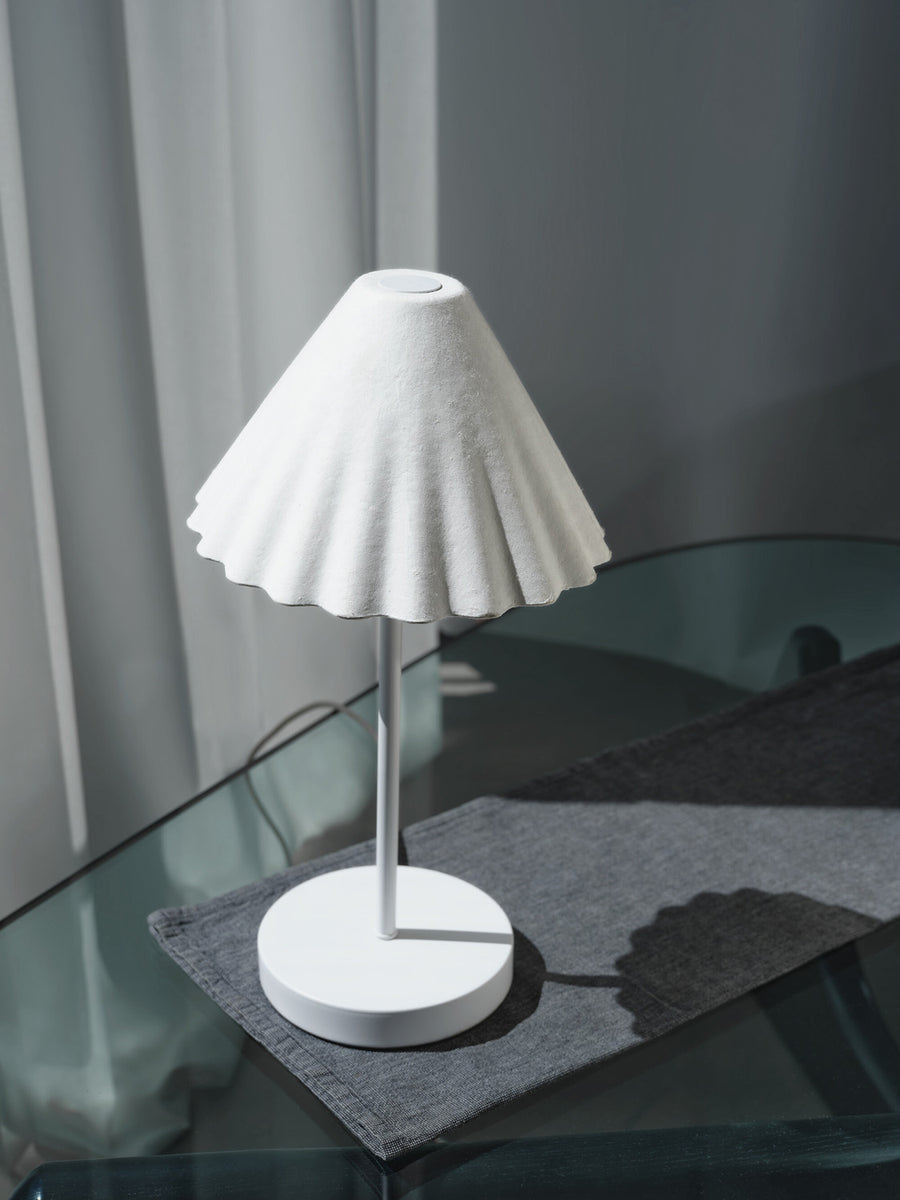 Vue rapprochée de la lampe blanche sur set gris, abat-jour plissé et finition mate.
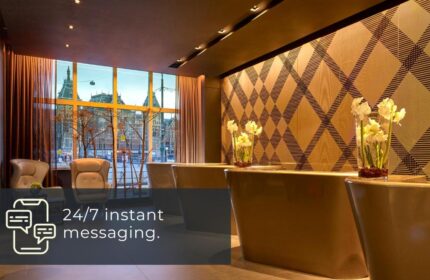 Park Plaza Victoria Amsterdam Hotel lobby. Gay-friendly hotel with modern design, reception desk, and city view. Perfect for gay men travelers.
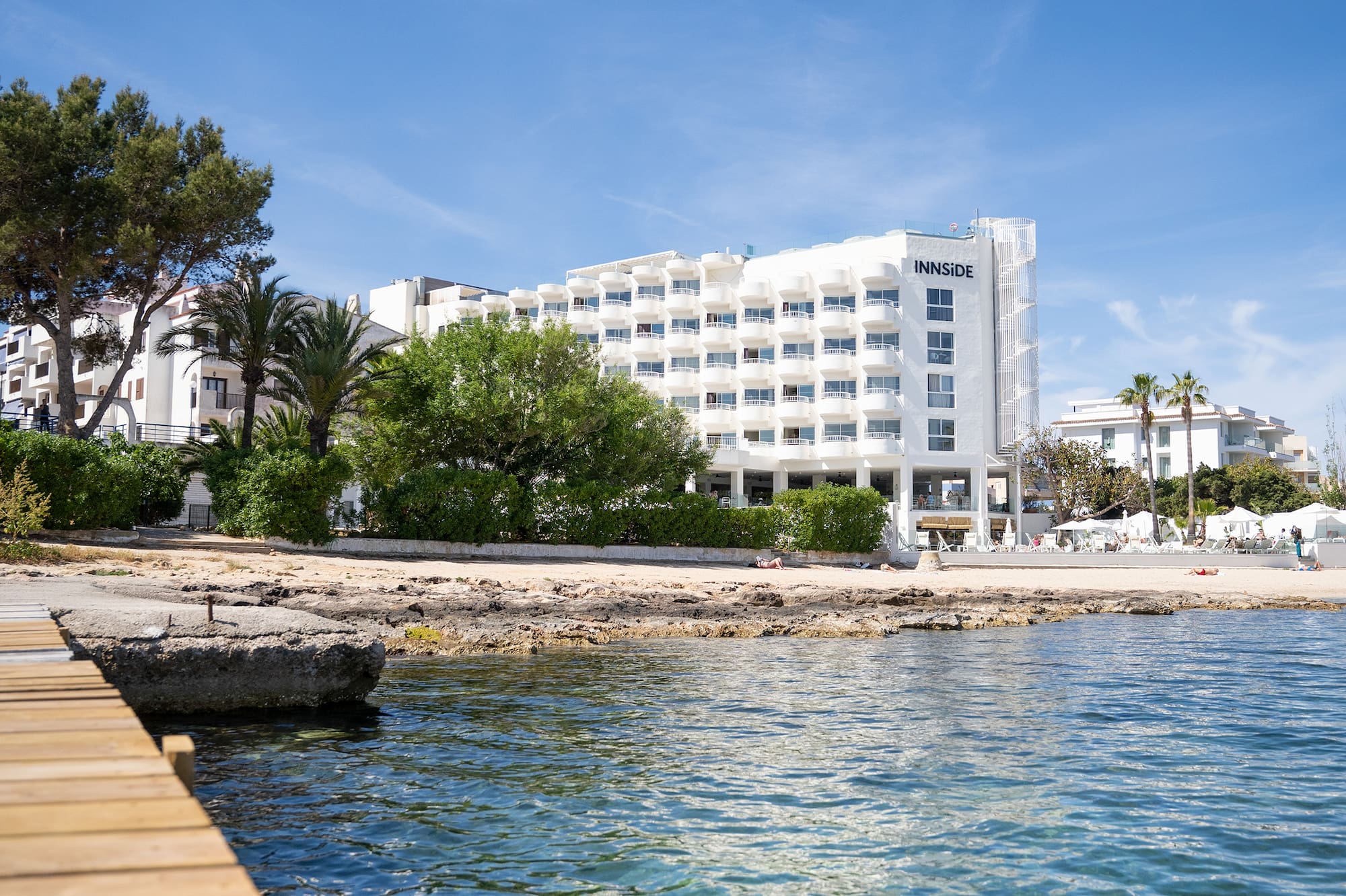 Coastal INNSIDE hotel, sunny beach, clear blue sea, and wooden pier.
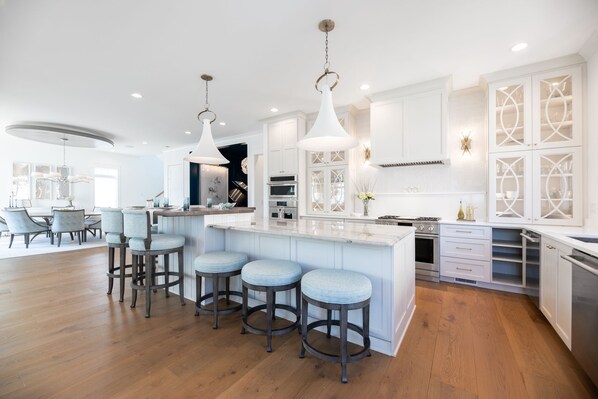 A modern kitchen with white cabinetry, a central island with bar stools, and stainless steel appliances. - Luxury Coastal Estate + Ocean & ICW View + Private Pool + Grand Piano & Wine Bar (Ocean Isle Beach)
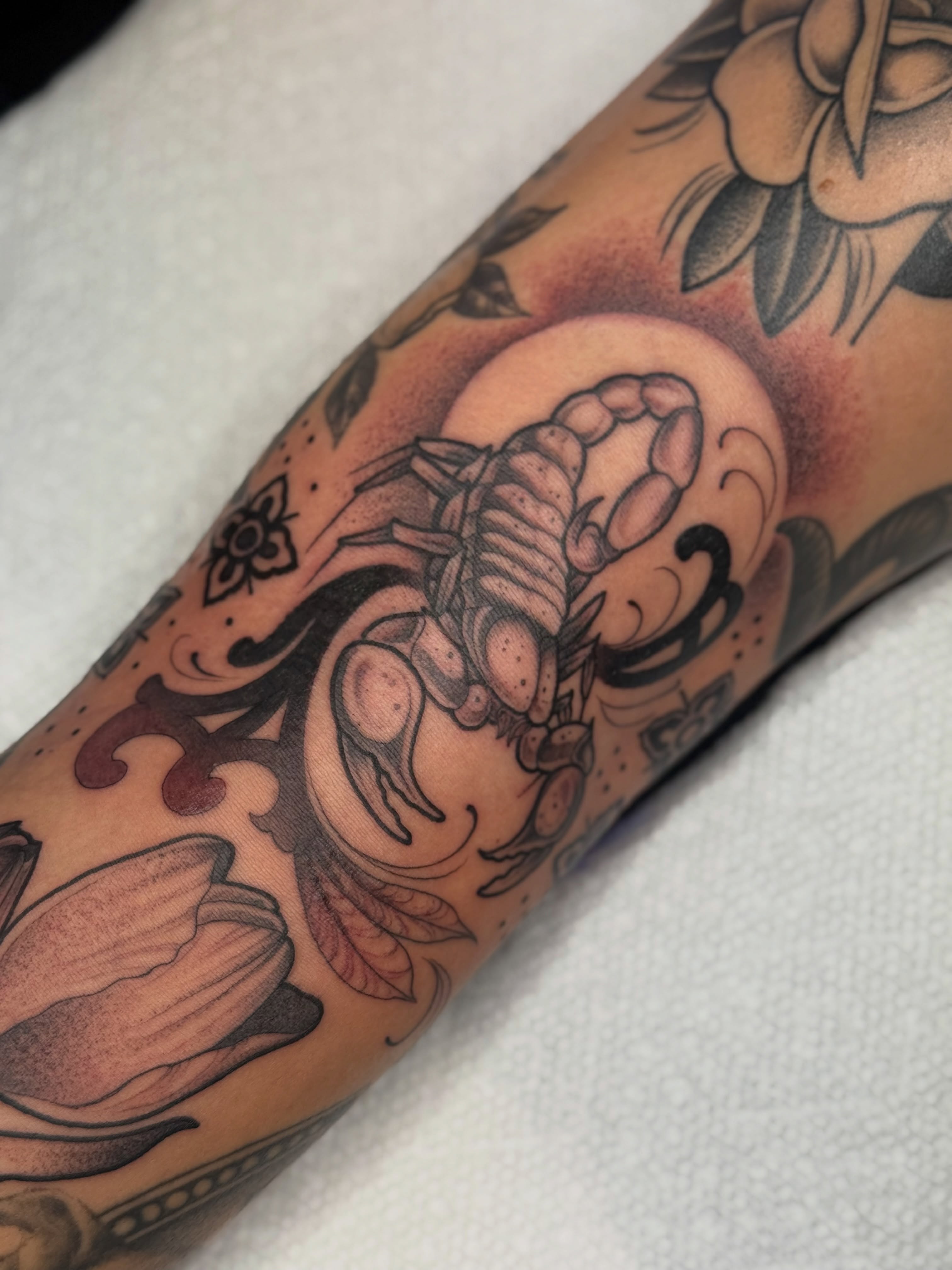 Scorpion and floral American traditional tattoo on the forearm by K9
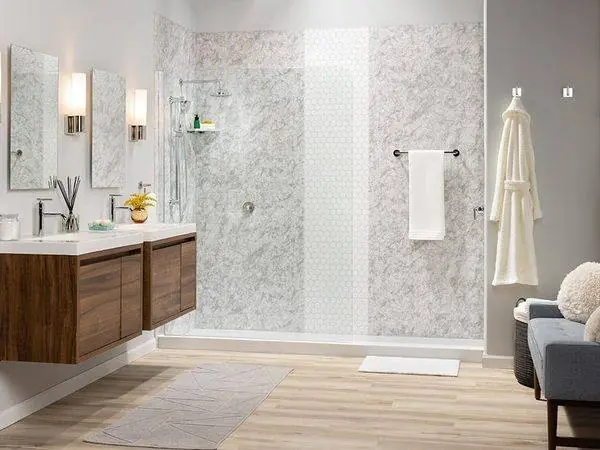 Walk-in shower with white marble look walls and brass fixtures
—————
Transcribe every entry exactly. Leave out the pictures.

 Vue rapprochée de la lampe blanche sur set gris, abat-jour plissé et finition mate.
 Park Plaza Victoria Amsterdam Hotel lobby. Gay-friendly hotel with modern design, reception desk, and city view. Perfect for gay men travelers.
 Coastal INNSIDE hotel, sunny beach, clear blue sea, and wooden pier.
 A modern kitchen with white cabinetry, a central island with bar stools, and stainless steel appliances. - Luxury Coastal Estate + Ocean & ICW View + Private Pool + Grand Piano & Wine Bar (Ocean Isle Beach)
 Scorpion and floral American traditional tattoo on the forearm by K9
 Walk-in shower with white marble look walls and brass fixtures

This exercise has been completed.